7.3. Example JSON response (simplified)

{
  "predicted_price": 18523.42,
  "currency": "USDT",
  "etb_price": 2891629.8,
  "etb_currency": "ETB",
  "usdt_to_etb_rate": 155.95,
  "feature_importance": {
    "mileage": 0.32,
    "age": 0.2,
    "engine_size": 0.1,
    "horsepower": 0.15,
    "doors": 0.02,
    "brand_toyota": 0.08,
    "fuel_petrol": 0.03
  },
  "model_metadata": {
    "metrics": {
      "rmse": 3647.36,
      "mae": 2854.53,
      "r2": 0.8942
    }
  }
}

This how it look like:

Screenshot 2026-03-04 022238

8. How everything works together (step by step)

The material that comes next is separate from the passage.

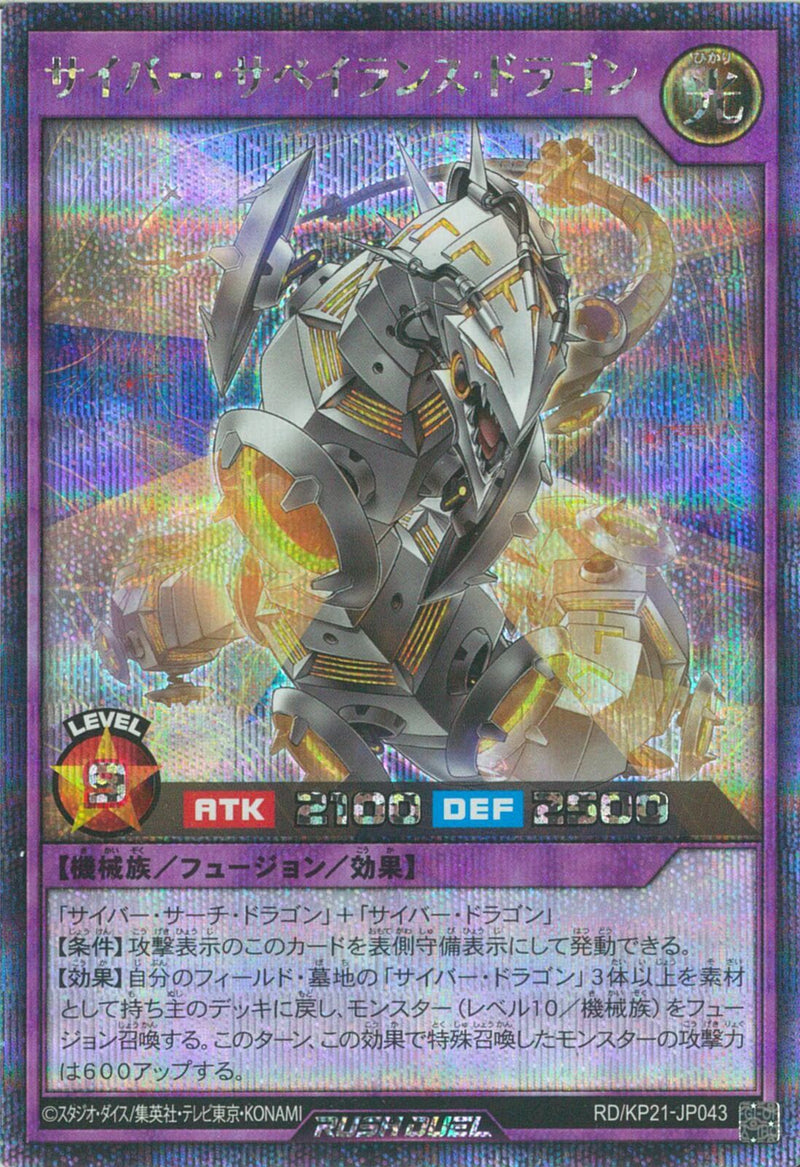 SEC)サイバー・サベインランス・ドラゴン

  1. You install dependencies with pip install -r requirements.txt.
  2. You train the model by running python train_model.py:
    • Synthetic car data (numeric + brand + fuel type) is generated.
    • The RandomForestRegressor learns how features map to log(price), then is saved with feature names and category lists.
    • Model + feature names + metrics are saved under models/.
  3. You start the FastAPI app with uvicorn app.main:app --reload.
  4. When the app starts, app/model.py:
    • Loads car_price_model.pkl and metadata.json.
    • Prepares a reusable RegressionModel instance in memory, including category lists and target transform info.
  5. A user opens the frontend at http://127.0.0.1:8000/:
    • Sees the form with all features (numeric + brand + fuel type).
    • Inputs values; frontend validates them.
  6. On submit, the frontend:
    • Sends a JSON POST request to /predict/regression with the form data.
  7. The backend:
    • Validates the request body using RegressionFeatures (Pydantic).
    • Rebuilds the numeric + one‑hot feature vector in the same order used during training.
    • Runs model.predict(...) and, if necessary, exponentiates from log(price) back to price.
    • Converts the USDT price to ETB and computes feature importances.
    • Returns a PredictionResponse containing the prediction in both currencies, feature importance, and metadata (including RMSE, MAE, R²).
  8. The frontend:
    • Displays the predicted price clearly in USDT and ETB.

    • Renders feature importance as bars.

    • Shows model metrics and details in the metadata panel.